#### Work task:
Beneath this task are records; count the lines among them that contain the word "Model" and answer with the number only.
(Beginning of Data supplied)
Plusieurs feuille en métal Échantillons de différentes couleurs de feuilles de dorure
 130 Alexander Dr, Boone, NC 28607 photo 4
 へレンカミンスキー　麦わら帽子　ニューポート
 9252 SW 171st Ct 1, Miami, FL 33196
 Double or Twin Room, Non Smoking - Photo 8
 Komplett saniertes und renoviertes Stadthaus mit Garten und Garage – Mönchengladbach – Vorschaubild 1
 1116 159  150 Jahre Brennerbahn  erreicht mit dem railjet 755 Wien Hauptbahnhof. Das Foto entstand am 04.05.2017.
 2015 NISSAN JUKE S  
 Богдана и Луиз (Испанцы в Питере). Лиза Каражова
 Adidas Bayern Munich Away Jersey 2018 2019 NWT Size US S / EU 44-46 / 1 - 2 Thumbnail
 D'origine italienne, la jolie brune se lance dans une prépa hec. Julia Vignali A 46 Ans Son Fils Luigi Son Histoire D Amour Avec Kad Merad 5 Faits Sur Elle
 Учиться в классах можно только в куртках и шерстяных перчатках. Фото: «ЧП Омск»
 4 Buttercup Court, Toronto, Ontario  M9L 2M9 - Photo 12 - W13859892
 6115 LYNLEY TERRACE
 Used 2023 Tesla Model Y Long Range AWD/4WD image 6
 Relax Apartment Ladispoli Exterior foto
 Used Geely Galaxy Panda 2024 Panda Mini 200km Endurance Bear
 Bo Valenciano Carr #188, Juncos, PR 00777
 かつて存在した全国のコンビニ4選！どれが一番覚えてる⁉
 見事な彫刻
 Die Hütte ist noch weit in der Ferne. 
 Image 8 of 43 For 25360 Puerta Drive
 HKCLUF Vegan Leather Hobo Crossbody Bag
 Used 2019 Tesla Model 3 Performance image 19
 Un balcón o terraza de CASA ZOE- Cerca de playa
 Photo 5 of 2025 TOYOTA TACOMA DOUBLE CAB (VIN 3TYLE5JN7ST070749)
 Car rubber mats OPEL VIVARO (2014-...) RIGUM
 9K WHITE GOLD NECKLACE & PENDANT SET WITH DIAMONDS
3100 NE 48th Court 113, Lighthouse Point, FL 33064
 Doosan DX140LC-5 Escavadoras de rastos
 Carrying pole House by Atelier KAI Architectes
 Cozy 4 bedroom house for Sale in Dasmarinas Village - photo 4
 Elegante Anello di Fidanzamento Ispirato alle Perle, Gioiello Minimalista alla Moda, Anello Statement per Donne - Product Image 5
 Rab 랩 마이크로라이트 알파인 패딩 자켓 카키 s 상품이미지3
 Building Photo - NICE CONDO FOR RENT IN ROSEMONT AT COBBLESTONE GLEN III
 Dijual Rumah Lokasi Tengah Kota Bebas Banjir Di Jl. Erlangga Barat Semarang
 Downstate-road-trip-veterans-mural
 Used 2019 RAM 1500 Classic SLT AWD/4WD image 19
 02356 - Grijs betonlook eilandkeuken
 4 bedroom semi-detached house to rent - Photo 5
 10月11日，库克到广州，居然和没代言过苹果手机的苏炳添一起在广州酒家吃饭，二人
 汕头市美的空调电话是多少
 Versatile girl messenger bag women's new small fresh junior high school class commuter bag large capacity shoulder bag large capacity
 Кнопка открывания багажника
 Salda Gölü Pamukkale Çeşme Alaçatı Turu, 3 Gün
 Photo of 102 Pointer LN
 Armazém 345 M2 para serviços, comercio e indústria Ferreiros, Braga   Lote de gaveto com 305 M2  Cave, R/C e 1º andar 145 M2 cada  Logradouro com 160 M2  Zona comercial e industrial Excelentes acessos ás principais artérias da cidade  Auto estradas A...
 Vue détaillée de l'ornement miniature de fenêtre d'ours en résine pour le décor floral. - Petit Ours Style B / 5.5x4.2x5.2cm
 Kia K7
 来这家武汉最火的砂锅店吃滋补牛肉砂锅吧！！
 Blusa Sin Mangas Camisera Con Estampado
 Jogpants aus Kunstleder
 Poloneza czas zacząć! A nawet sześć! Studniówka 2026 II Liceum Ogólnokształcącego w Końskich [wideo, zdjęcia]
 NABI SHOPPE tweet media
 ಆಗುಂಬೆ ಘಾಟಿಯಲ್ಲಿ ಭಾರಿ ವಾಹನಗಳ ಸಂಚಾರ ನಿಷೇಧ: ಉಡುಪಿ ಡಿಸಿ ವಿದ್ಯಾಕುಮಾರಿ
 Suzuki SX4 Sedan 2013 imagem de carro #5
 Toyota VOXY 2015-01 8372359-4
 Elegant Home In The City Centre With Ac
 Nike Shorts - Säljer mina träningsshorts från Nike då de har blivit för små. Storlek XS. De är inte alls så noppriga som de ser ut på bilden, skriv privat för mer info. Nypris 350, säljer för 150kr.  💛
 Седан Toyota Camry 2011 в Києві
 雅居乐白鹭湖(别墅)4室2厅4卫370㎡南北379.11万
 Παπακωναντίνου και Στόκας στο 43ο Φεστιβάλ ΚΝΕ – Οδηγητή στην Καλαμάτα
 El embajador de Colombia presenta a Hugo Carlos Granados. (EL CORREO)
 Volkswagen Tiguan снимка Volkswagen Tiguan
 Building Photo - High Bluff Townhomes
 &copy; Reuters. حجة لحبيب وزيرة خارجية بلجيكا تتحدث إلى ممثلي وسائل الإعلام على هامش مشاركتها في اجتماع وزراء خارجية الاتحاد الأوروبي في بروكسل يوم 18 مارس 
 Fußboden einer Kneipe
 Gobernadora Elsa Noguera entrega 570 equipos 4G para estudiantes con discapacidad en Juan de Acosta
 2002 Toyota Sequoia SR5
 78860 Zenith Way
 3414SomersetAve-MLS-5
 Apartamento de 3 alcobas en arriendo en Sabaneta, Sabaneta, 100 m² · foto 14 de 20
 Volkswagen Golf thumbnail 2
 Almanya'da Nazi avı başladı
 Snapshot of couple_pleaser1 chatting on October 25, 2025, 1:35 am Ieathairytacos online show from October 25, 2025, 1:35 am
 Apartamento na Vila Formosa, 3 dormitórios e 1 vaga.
(End of Data supplied)
#### Output of the task:
2